Starbucks Q1 Revenue Rises 6% to $9.9B as U.S. and China Sales Grow
Starbucks reported Q1 fiscal 2026 net revenues of $9.9 billion, a 6% increase driven by global comparable store sales rising 4%, including a 4% U.S. lift and 7% in China. GAAP operating margin fell 290 basis points to 9.0%, pushing non-GAAP EPS down 19% to $0.56 due to higher costs.
1. Mixed Q1 Results Highlight Traffic Growth and Revenue Beat
Starbucks reported net revenues of $9.9 billion for its fiscal first quarter, a 6 percent increase year-over-year and above the consensus estimate of $9.65 billion. This performance was driven by the first U.S. comparable-sales growth in two years, with global same-store sales up 4 percent—powered by a 3 percent rise in transactions and a 1 percent increase in average ticket. International markets also contributed, with a 5 percent increase in comparable-store sales and a standout 7 percent gain in China following the pending joint venture with Boyu Capital.

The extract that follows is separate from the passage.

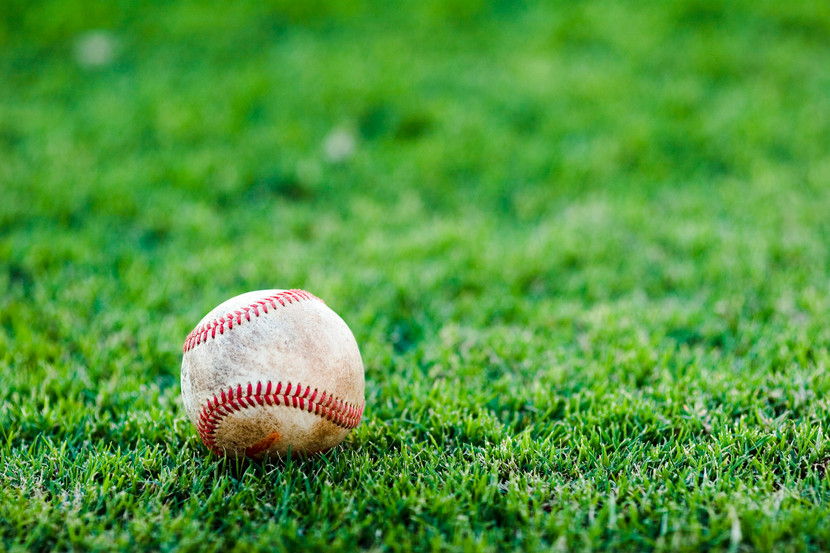 A worn baseball rests on a lush green grass field.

2. Margin Compression Weighs on Profitability
Despite top-line strength, Starbucks’ GAAP operating margin contracted by 290 basis points to 9.0 percent, while non-GAAP margin fell 180 basis points to 10.1 percent. Rising input costs—particularly elevated coffee pricing and tariffs—along with labor investments under the “Back to Starbucks” plan and one-time restructuring expenses in the U.S. drove the decline. GAAP earnings per share slid 62 percent to $0.26, and non-GAAP EPS of $0.56 missed the Zacks consensus of $0.58, down 19 percent from a year ago.
3. Strategic Initiatives and Store Growth
Starbucks opened 128 net new stores during the quarter, ending with 41,118 locations worldwide—61 percent company-operated and 39 percent licensed—with the U.S. and China accounting for 16,911 and 8,011 stores respectively. The company is executing its “Back to Starbucks” turnaround by closing underperforming kiosks, investing in barista training, simplifying menus and enhancing loyalty rewards. In China, the planned sale of a 60 percent stake to Boyu Capital not only drove a discrete tax charge but also freed up capital and operational focus for rapid expansion in that market.

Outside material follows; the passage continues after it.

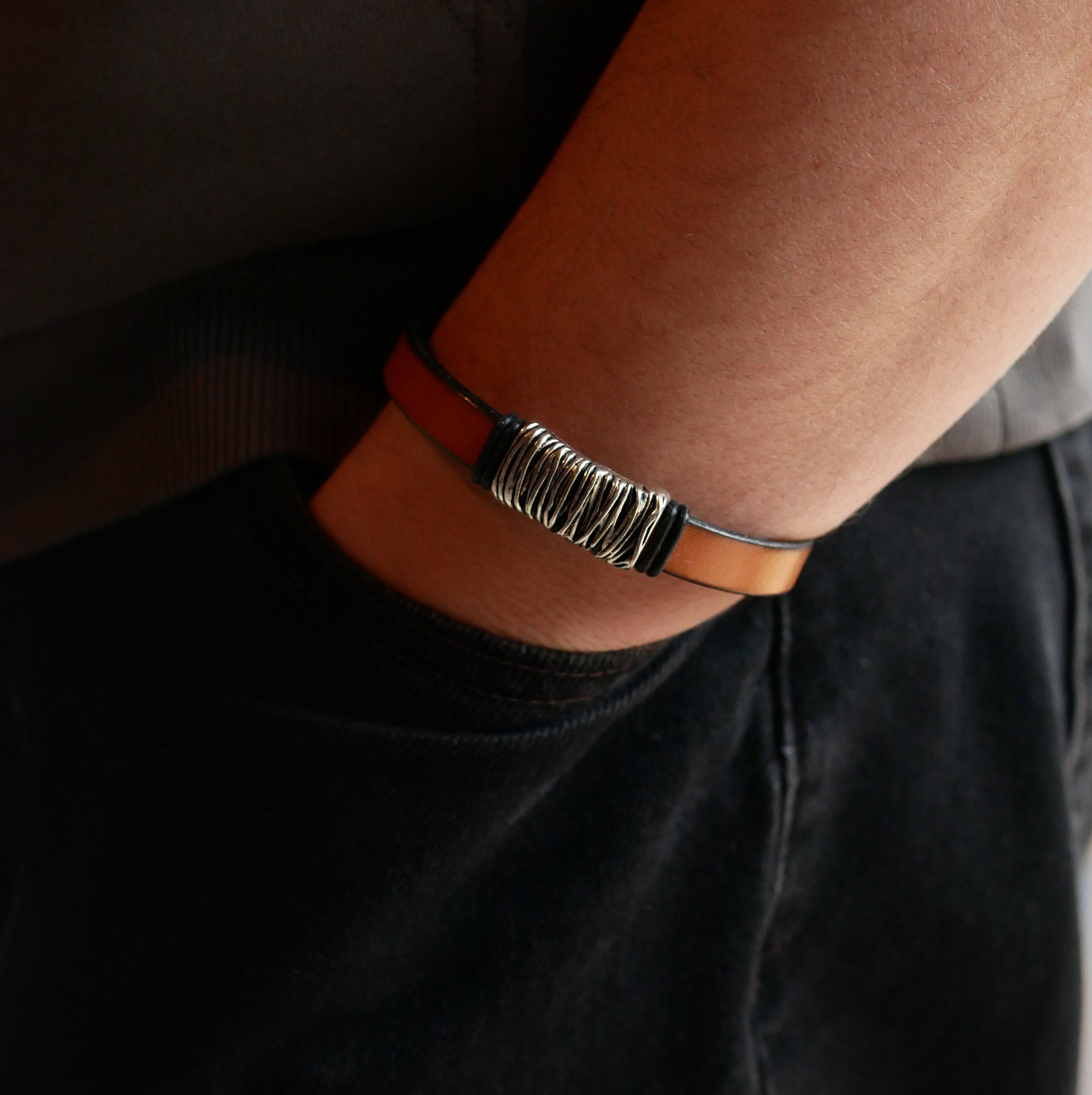 Band van camelkleurig leer met gevlochten metalen versiering en T-vormige sluiting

4. Fiscal 2026 Guidance and Shareholder Returns
Starbucks reaffirmed its full-year targets, forecasting at least 3 percent growth in comparable-store sales globally and in the U.S., with consolidated net revenues rising at a similar pace. Non-GAAP earnings per share are projected between $2.15 and $2.40, and the company expects to open approximately 600–650 net new stores. The board declared a quarterly cash dividend of $0.62 per share, marking 63 consecutive quarters of payouts and underscoring management’s commitment to returning capital to shareholders.